Torino, la città più misteriosa d’Italia, magica, diabolica e nera, “una giungla composta da ladri, rapinatori, scippatori, travestiti, pervertiti, belle di notte e di giorno”, la città che diventa scenario del delitto perfetto – siamo alla fine degli anni cinquanta, una manciata di mesi prima dell’uscita di Diabolik – commesso da un killer che si firma “Diabolich”, e poco dopo diventa la città della banda Cavallero che con le sue violente scorribande marchiò gli anni dal 1963 al 1967… E poi Milano, la città più ricca d’Italia, sfrontata, feroce, mondana e irriverente, un carosello di negozi di lusso, teatri d’avanguardia, night club, “la città dei mitra” – palcoscenico della spettacolare rapina dell’aprile 1964 in una gioielleria della centralissima via Montenapoleone, la Colombo, dalla banda dei marsigliesi – della speculazione immobiliare, della moda, delle minigonne, dei gioielli, delle voglie e della cupidigia. “La Domenica del Corriere” dell’aprile del 1965 dedica la copertina con la grande illustrazione di Walter Molino al personaggio di Diabolik che, calzamaglia nera e pugnale sguainato, balza nella camera da letto di una bellissima donna immersa nella lettura di fumetti proibiti: all’interno del popolare settimanale spicca il servizio di Guglielmo Zucconi su Ragazzini e signore-bene divorano i nuovi fumetti dell’orrido. E sul “Corriere della Sera”, siamo nel settembre 1966, Dino Buzzati pubblica un articolo sul caso della conturbante spogliarellista Rosa Draganovich, accoltellata in città, dal titolo Milano Diabolik?, dimostrando quanto l’inafferrabile ladro dagli occhi di ghiaccio sia entrato nell’immaginario collettivo. Sono anni in cui nasce il Gruppo 63, un movimento di avanguardia costituito da autori polemici contro le forme più diffuse di narrativa e poesia, da cui escono scrittori, studiosi e semiologi pronti a sancire la nobilitazione letteraria del fumetto. E, a proposito di narrativa di genere destinata a diventare letteratura, sono gli anni, tra il 1966 e il 1969, della serie di romanzi del “Duca Lamberti” di Giorgio Scerbanenco dai titoli inquietanti Venere privata , Traditori di tutti , I ragazzi del massacro, I milanesi ammazzano al sabato e dei racconti Milano Calibro 9. Sono gli anni in cui Oreste del Buono, uno dei primi ad apprezzare le avventure e il tratto originale di Diabolik, cura per Mondadori nella collana Omnibus, anno 1970, la fortunata antologia I Grandi ladri.

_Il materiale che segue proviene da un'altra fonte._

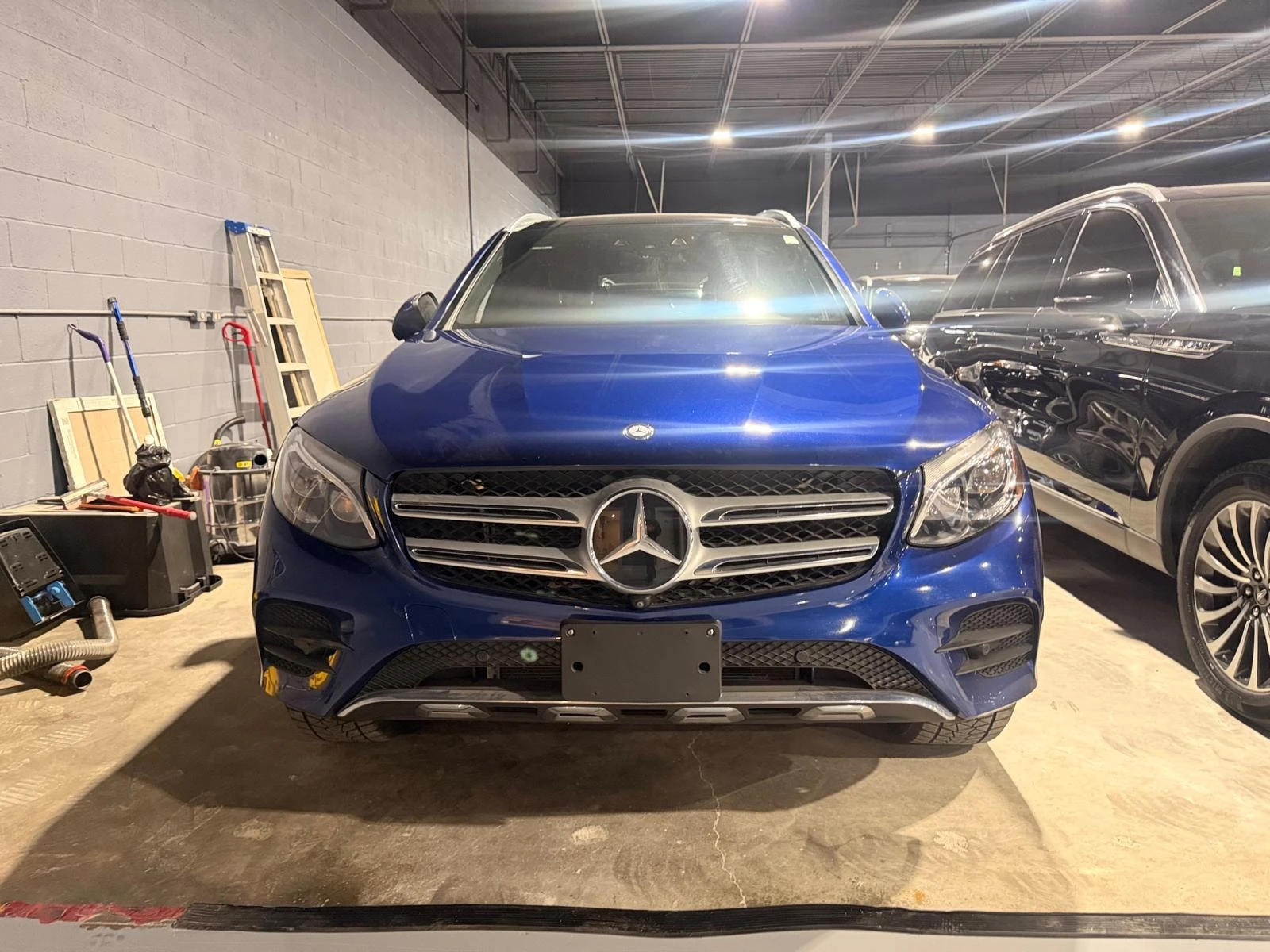 Mercedes-Benz GLC 300 * CARFAX * ОПЦИЯ ЗА ФИНАНСИРАНЕ, снимка 6 - Автомобили и джипове - 55879711
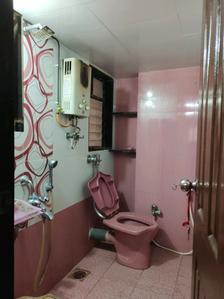 Common Bathroom Image of 880 Sq.ft 2 BHK Apartment / Flat for sale in Atul Blue Empire, Kandivali West Mumbai for Rs. 16000000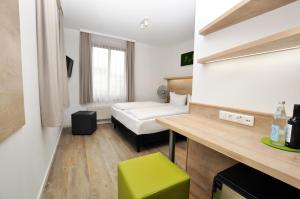 Postel nebo postele na pokoji v ubytování Hotel Perlach Allee by Blattl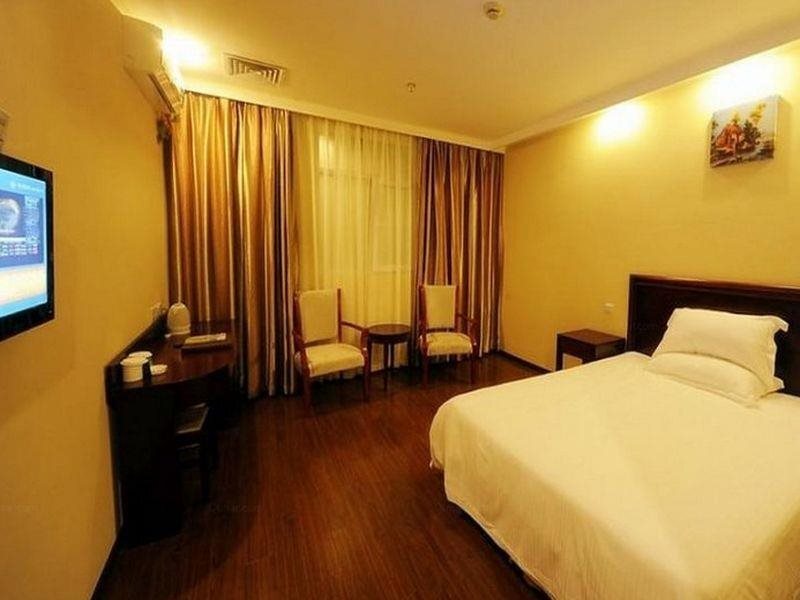Пекин: GreenTree Inn Beijing Tongzhou Liyuan Express Hotel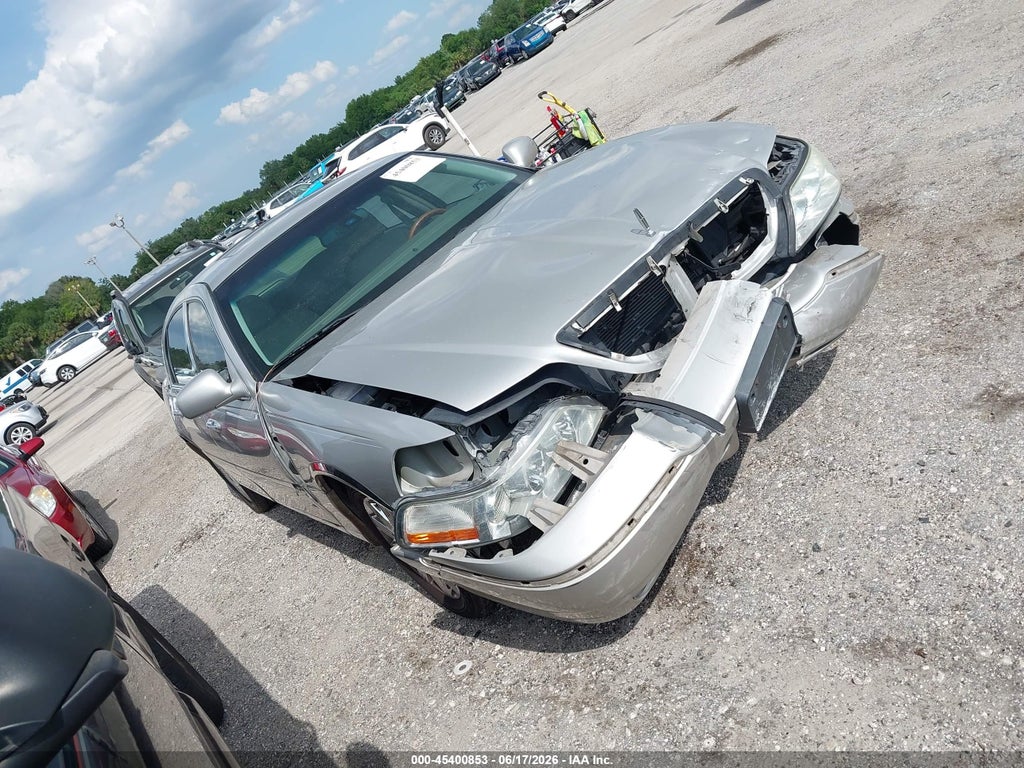 2003 LINCOLN TOWN CAR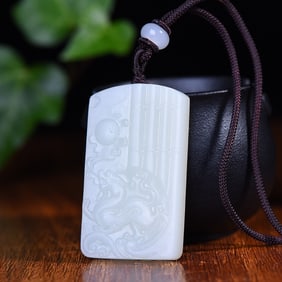 An Exquisite White Jade Auspicious Beast Pattern Pendant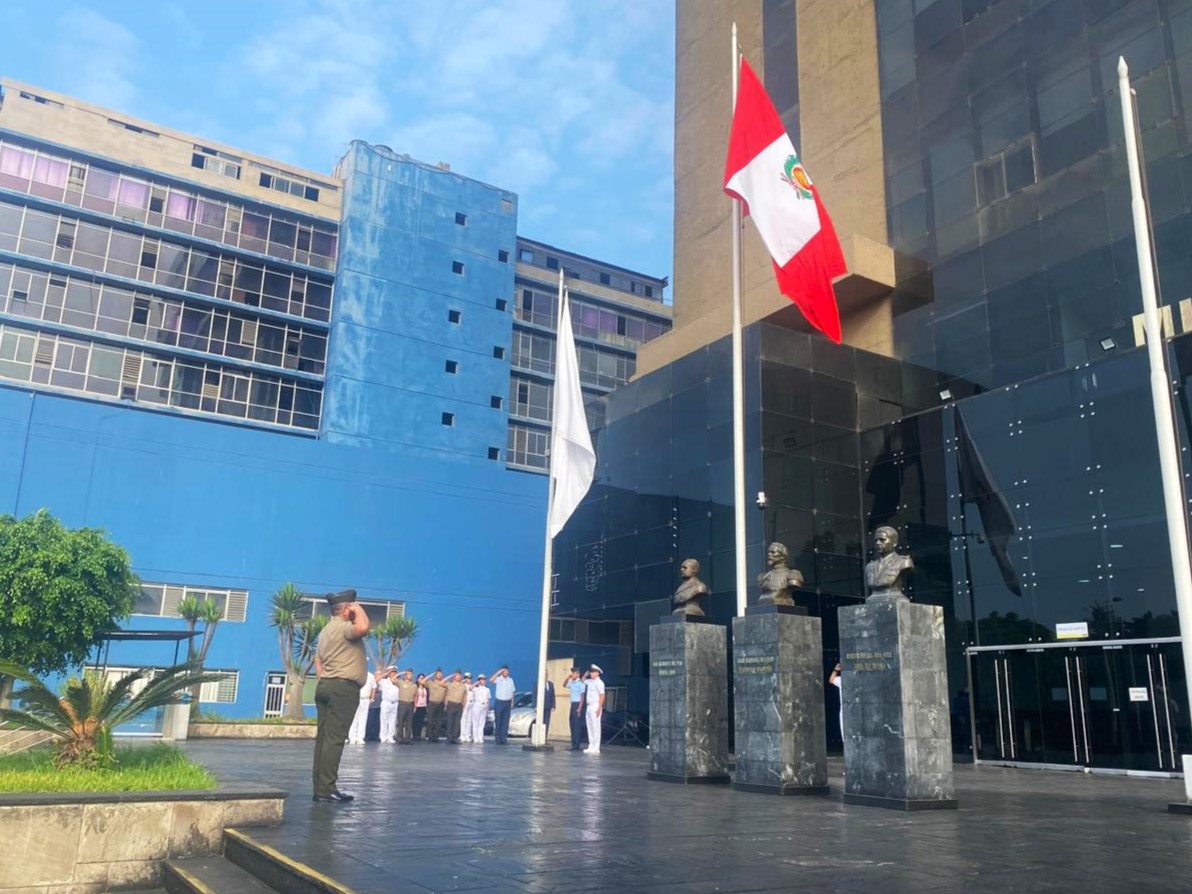 Izamiento del Pabellón Nacional en el MINDEF rindió homenaje a la operación militar del Alto Cenepa
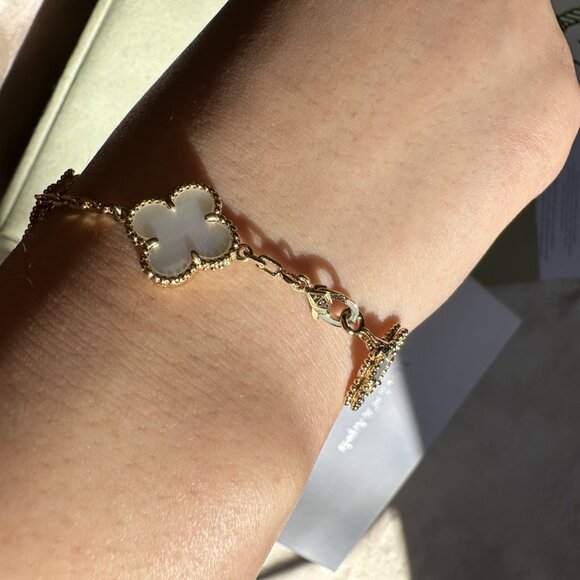 COPY - Van Cleef Mother of Pearl Vintage Alhambra 18K Gold Bracelet 5 Motifs - Picture 9 of 9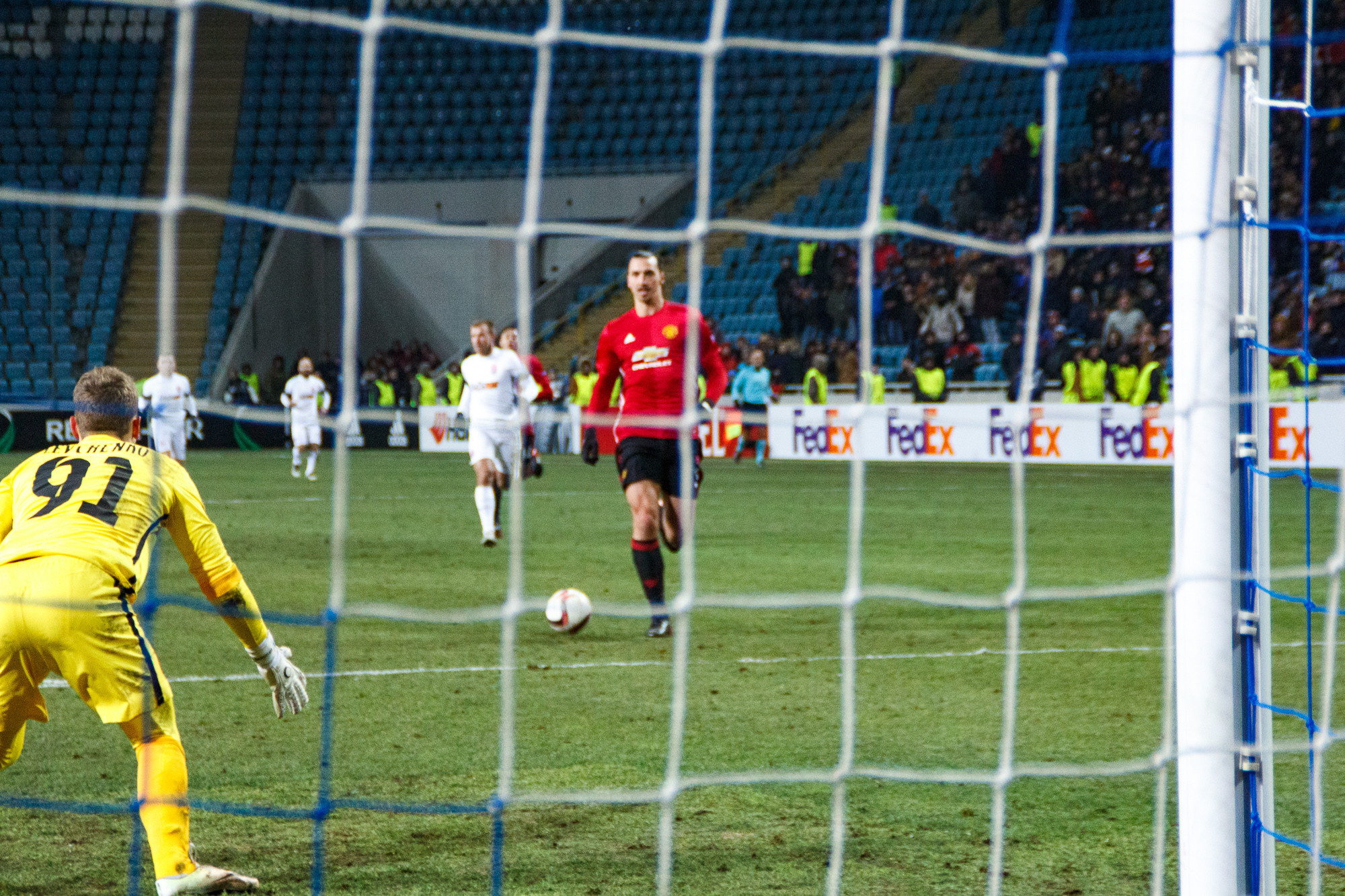 Заря Луганск — Манчестер Юнайтед. Фото • Відео • Аерозйомка • Контент для бізнесу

Figlio di Fantômas, Rocambole e Arsenio Lupin, padre di una sterminata serie di criminali moralmente efferati e mediaticamente a effetto, Diabolik ha attraversato sulla sua velocissima Jaguar la cronaca e il costume di sessant’anni di storia italiana. Diabolik - sottolinea Mario Gomboli - appare come un ladro di un’abilità e un’ingegnosità fuori dal comune, capace di assumere diverse fisionomie grazie a maschere di plastica sottilissima che lui stesso ha inventato. Ruba soprattutto gioielli o enormi cifre di denaro e non esita a uccidere chi intralcia i suoi piani. Nonostante svolga un’attività decisamente illegale e sia tutt’altro che un giustiziere, è dotato di principi etici (l’onore, la tutela dei più deboli, il senso dell’amicizia e della riconoscenza, il rispetto degli animi nobili), e pertanto disprezza mafiosi, narcotrafficanti, strozzini e aguzzini.
Sopravvissuto alle sue due madri - Angela è morta nel 1987, Luciana nel 2001 – uscito indenne da critiche e processi, salvatosi dai mutamenti epocali che hanno travolto il mondo del fumetto e dell’entertainment, passato con eleganza il giro del secolo, è diventato un fenomeno sociale, prosegue Mascheroni, sconfinando dal fumetto al cinema, al romanzo, le figurine, le canzoni, la pubblicità, i videogame… Ha resistito, con i suoi modi, a tutte le mode, ed è restato in piedi persino di fronte allo tsunami globale della Rete. Diabolik – con accanto la fedelissima, blondissima Eva – è ancora tra noi. Tira centomila copie al mese, terzo fumetto d’avventura più venduto in Italia dopo Tex e Dylan Dog. Ed è diventato più ancora che una icona. È una “figura”: un tempo della trasgressione, oggi della tradizione. Ci ha spaventato arrivando, ci rassicura rimanendo.